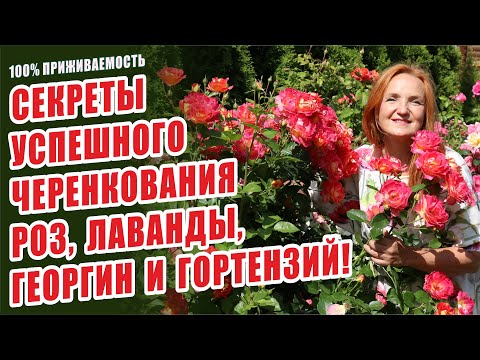 Видео: ЧЕРЕНКОВАНИЕ РОЗ, ЛАВАНДЫ, ГЕОРГИН, ГОРТЕНЗИЙ ЛЕТОМ. КАК ПРАВИЛЬНО ЧЕРЕНКОВАТЬ? РАЗМНОЖЕНИЕ ЦВЕТОВ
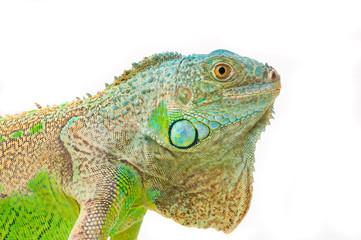 Fototapeta premium one green iguana lizard .reptile sit on white background
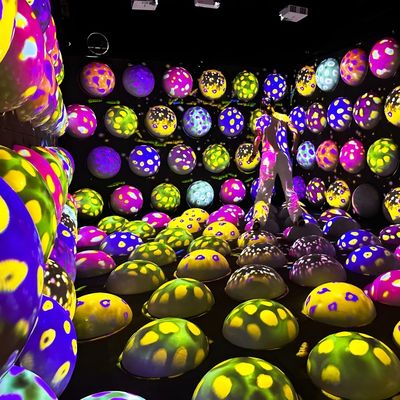 Bon prix Cool Jump Space Créativité Colorier Intérieur Interactif Jump Bouncing Ball Jeu en ligne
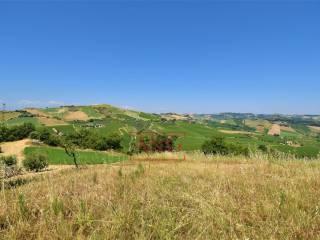 Terratetto unifamiliare co ntrada magnola, Ripatransone — foto 24 di 49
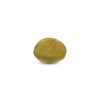 CED000234_2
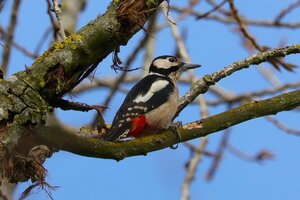IMG_1583.JPG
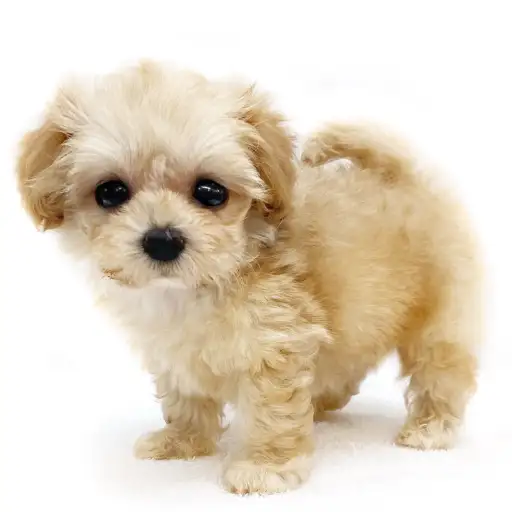 MIX(マルチーズ×トイプードル)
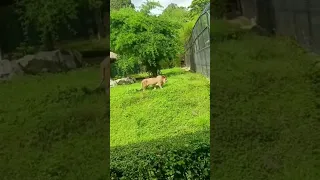 🦁 Lion at Mysore Zoo Park | The King 👑 | Wild Life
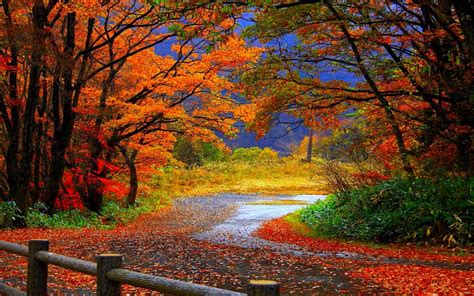 Beautiful Autumn Colors Good Fall Background Autumn Wallpaper Hd
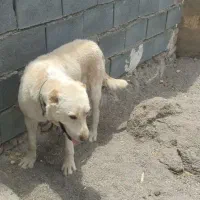 سگ گله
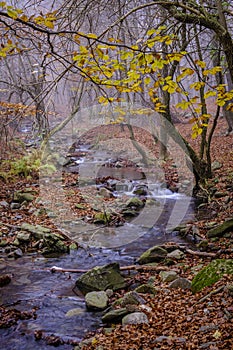 Beech forest in autumn.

---*---

## Work to be completed
Starting at the first line of the records above, set down each line exactly through the one that holds "IMG_1583.JPG". Omit pictures.

## Reply to the exercise
 Видео: ЧЕРЕНКОВАНИЕ РОЗ, ЛАВАНДЫ, ГЕОРГИН, ГОРТЕНЗИЙ ЛЕТОМ. КАК ПРАВИЛЬНО ЧЕРЕНКОВАТЬ? РАЗМНОЖЕНИЕ ЦВЕТОВ
 Fototapeta premium one green iguana lizard .reptile sit on white background
 Bon prix Cool Jump Space Créativité Colorier Intérieur Interactif Jump Bouncing Ball Jeu en ligne
 Terratetto unifamiliare co ntrada magnola, Ripatransone — foto 24 di 49
 CED000234_2
IMG_1583.JPG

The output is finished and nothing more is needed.